LIVER BEWARE! You're in for a Drunk Review of Goosebumps #25: ATTACK OF THE MUTANT


Sometimes, you read a book that you loved as a kid and you're like "yeah, that holds up pretty well." Maybe it's rough around the edges, and maybe there are some things you missed the first time through because you were like twelve. But you reread it and you don't hate yourself for being that little kid whole genuinely loved this book that you've now returned to. Readers, Attack of the Mutant is not that book. And I did genuinely love this one when I was little. It's the first time I remember refusing to go to bed until I had finished the story. And...okay, this might be a bumpy ride.

First, though, the booze (I'm going to need A LOT). I'm drinking a Vanilla Wafer Porter from Mob Craft Beer, which comes as a full pint and is delicious and does not disappoint, quite unlike this book. So yeah, let's dive right in!




Skipper Matthews is a chubby comic book nerd. And me, with my collection of 90s X-Men comics, could not have identified harder with him when I was a smol. Except now, reading the description the book gives him, I can't tell if the book is making a mockery of toxic comic book bros or is uncomplicated in casting its hero as a complete asshole. Because Skipper is...well, not exactly a sterling example of humanity at its best. It's not that he's terrible at school. He is, but that's kinda beside the point. It's more that he's one of those comic book nerds that you really want to just punch in the face. And I'll break this down in a few points I will title...

Why Skipper Matthews is Just the Fucking Worst:

1. He "loves" comic books but only reads one title. Yup, he only actually reads the one book, The Masked Mutant, which seems to be a title that centers the villain with a rotating cast of heroes? Whatever. The main thing here is that he's obsessed not with the stories the comic books tell, or their art, or anything. He barely reads them. Instead...

2. He's a collector who's obsessed with the monetary value of comic books as investments. He puts them directly into sleeves and then goes on endlessly about how much money they're worth. Readers, as a kid who kinda did this, it's the worst. The speculative market of comic books is just not there. You're not going to get a comic that will someday be worth millions when you're buying 90s comics. It's just...I mean, come on.

3. He hates other comics for no reason. When confronted with what is essentially Archie comics, he has to make sure to put them down. High School Harry and Beanhead are worse than Hitler to our Skipper. Because ugh, girls, amirite? But he's already said he doesn't even read comics. So how the fuck does he know? No, he hates them because of who likes those comic books. To Skipper they aren't real. They don't count. Skipper is just the fucking worst.
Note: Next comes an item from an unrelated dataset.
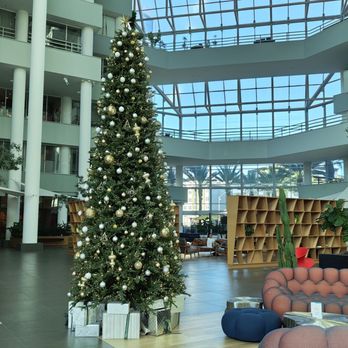 Cassel Earth Coffee - Atrium - Coffee & Tea Near Me - Irvine, California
Okay okay, but let me get to the actual plot, which mostly involves the fact that Skipper is peek latchkey kid. Seriously, the most we see of his parents is his dad not liking his comic book habit and his little sister tattling on him. But appropriately, the defining part of his family is that they're not really around much. So Skipper escapes into thinking about comic books and occasionally reading them. And riding the bus. Seriously, this book is a huge proponent of unaccompanied minors taking the bus wherever they need to go. Skipper has an orthodontist and just...goes. Which hey, if you have good public transportation, cool. Though suburbs-raised me is all sorts of weirded out that he wasn't driven around. It's even more weird if you look at the television show of the book, which does a pretty faithful translation except the parents. The dad in the show is a nerdy businessman who just wants Skipper to be more serious, while his mom is always reading romances. Like, comicly so. They are ridiculous in the show, where in the book they're much more realistically absent. But in the show the mom stays at home, so it's a little odd that Skipper would be off to appointments all by himself.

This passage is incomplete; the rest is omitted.